▶ What to work on
What are the lines below, starting at the line containing "MIYESSI online show" and ending at the line containing "Chia sẻ với"? Write them out exactly, ends included, without pictures.

▶ Record excerpts
━━━━━━━━━━━━━━━━━━━━

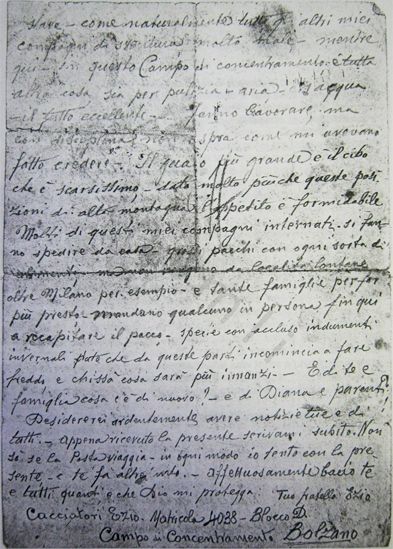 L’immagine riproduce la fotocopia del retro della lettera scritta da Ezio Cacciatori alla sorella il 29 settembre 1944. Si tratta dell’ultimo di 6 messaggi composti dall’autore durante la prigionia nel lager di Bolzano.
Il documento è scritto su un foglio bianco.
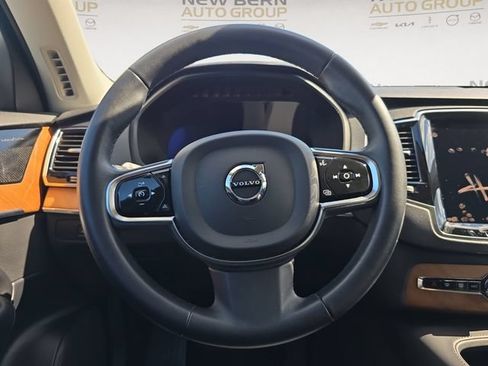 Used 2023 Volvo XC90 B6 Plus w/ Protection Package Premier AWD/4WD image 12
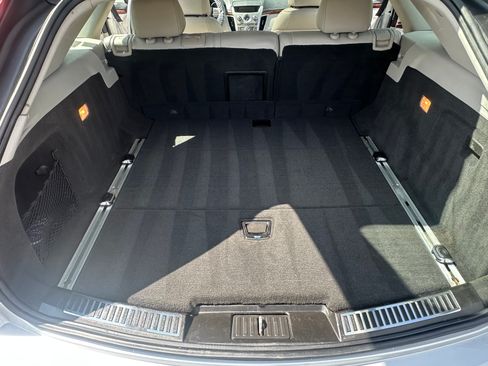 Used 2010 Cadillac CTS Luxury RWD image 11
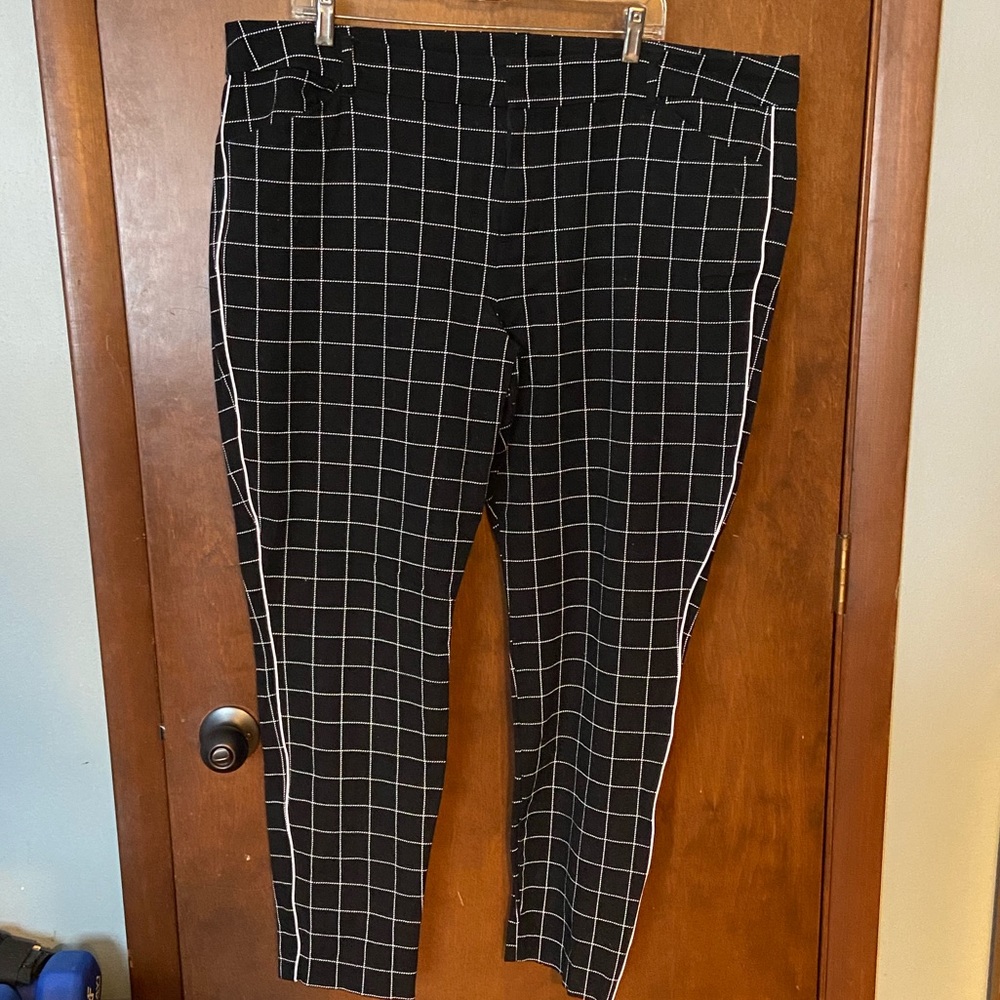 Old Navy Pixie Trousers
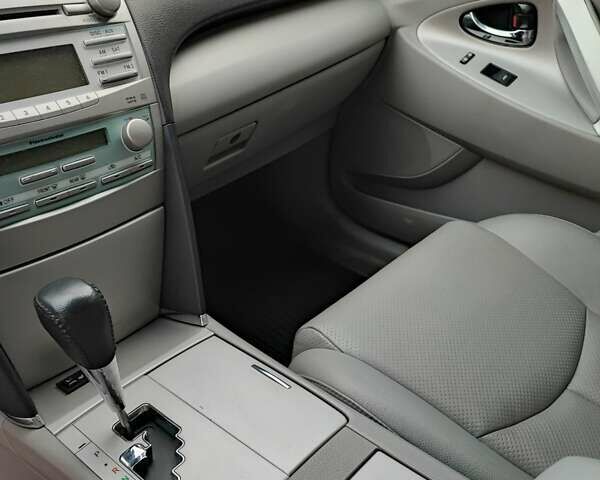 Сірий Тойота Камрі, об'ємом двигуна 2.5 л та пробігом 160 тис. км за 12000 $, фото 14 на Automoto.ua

━━━━━━━━━━━━━━━━━━━━

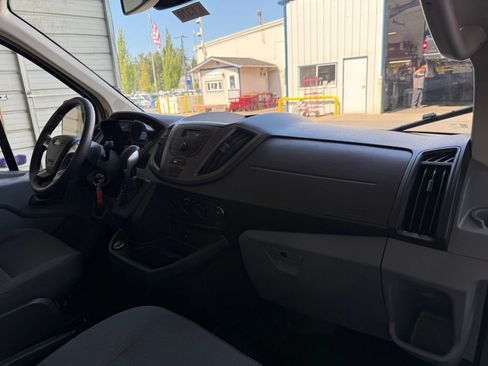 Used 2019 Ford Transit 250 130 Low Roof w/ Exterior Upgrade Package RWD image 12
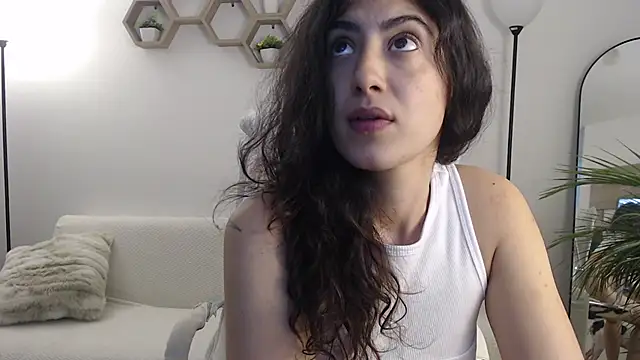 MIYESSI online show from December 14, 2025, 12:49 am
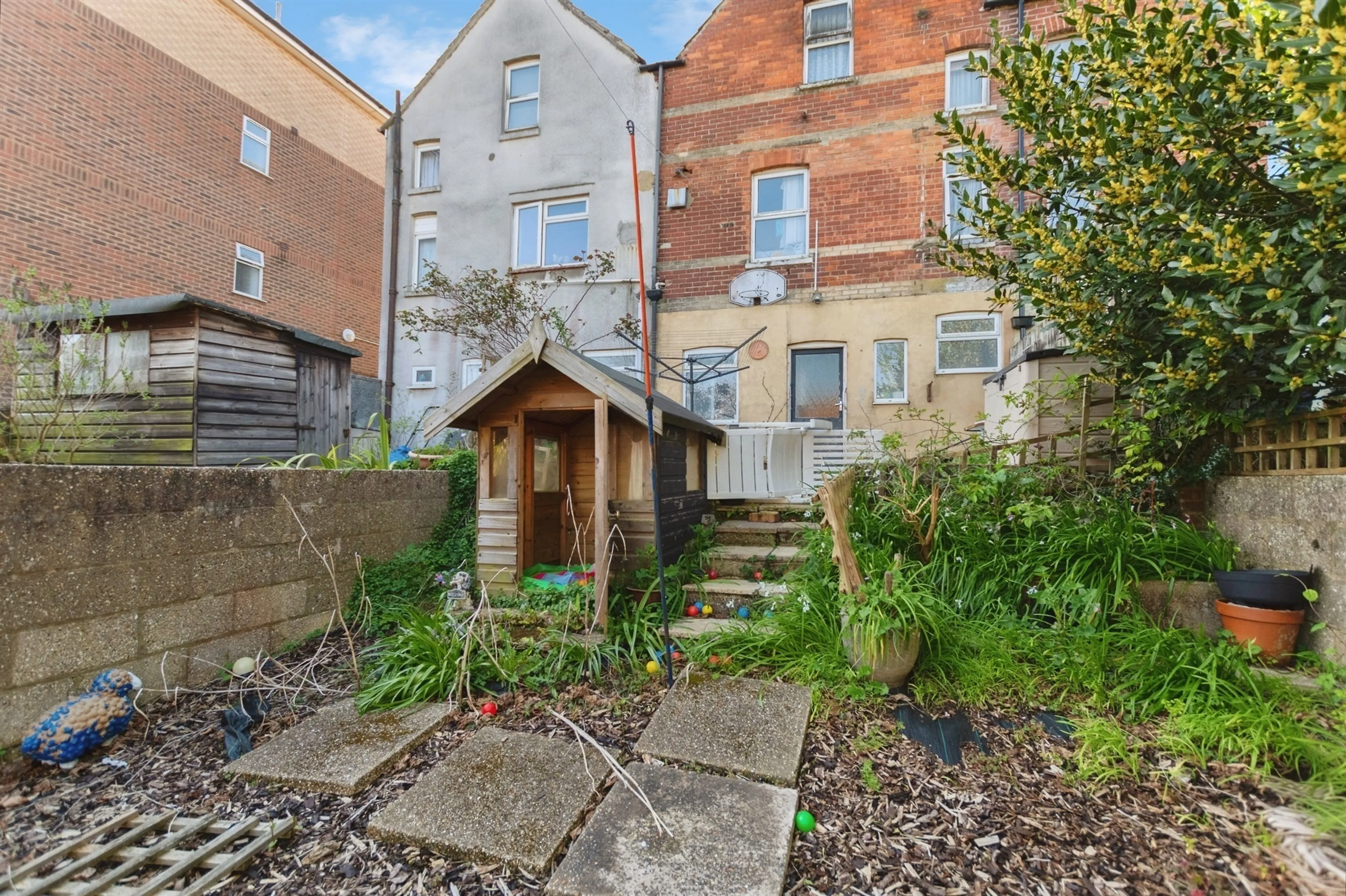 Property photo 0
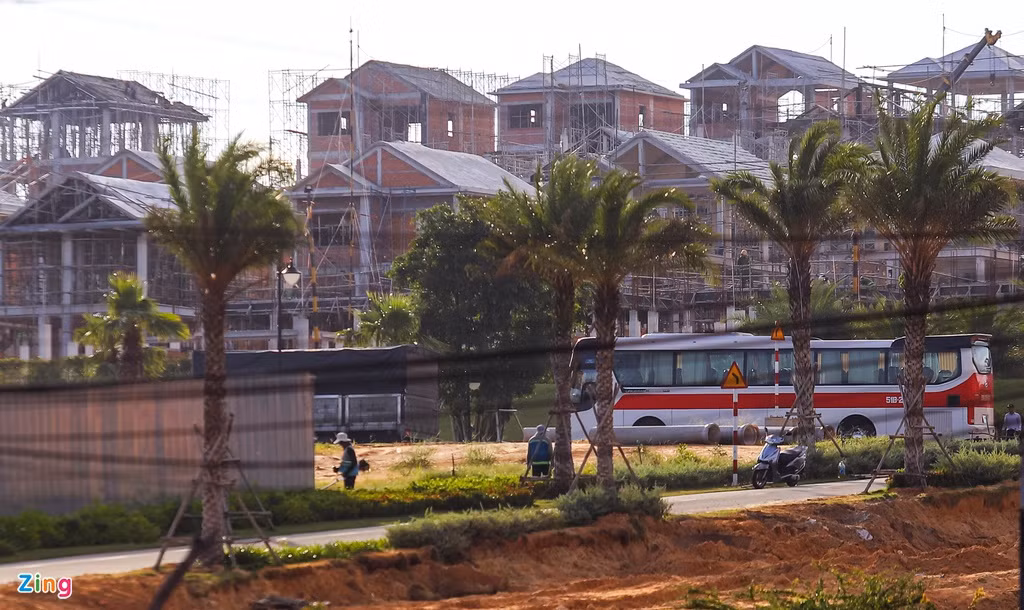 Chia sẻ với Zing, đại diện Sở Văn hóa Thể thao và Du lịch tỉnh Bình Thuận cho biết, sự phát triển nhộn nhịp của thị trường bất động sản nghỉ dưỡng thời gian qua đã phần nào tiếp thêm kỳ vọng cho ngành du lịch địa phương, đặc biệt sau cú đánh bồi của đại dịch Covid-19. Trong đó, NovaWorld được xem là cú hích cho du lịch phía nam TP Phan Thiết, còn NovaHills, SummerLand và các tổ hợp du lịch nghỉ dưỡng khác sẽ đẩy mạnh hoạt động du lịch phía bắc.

━━━━━━━━━━━━━━━━━━━━

▶ Answer for the task
 MIYESSI online show from December 14, 2025, 12:49 am
 Property photo 0
 Chia sẻ với Zing, đại diện Sở Văn hóa Thể thao và Du lịch tỉnh Bình Thuận cho biết, sự phát triển nhộn nhịp của thị trường bất động sản nghỉ dưỡng thời gian qua đã phần nào tiếp thêm kỳ vọng cho ngành du lịch địa phương, đặc biệt sau cú đánh bồi của đại dịch Covid-19. Trong đó, NovaWorld được xem là cú hích cho du lịch phía nam TP Phan Thiết, còn NovaHills, SummerLand và các tổ hợp du lịch nghỉ dưỡng khác sẽ đẩy mạnh hoạt động du lịch phía bắc.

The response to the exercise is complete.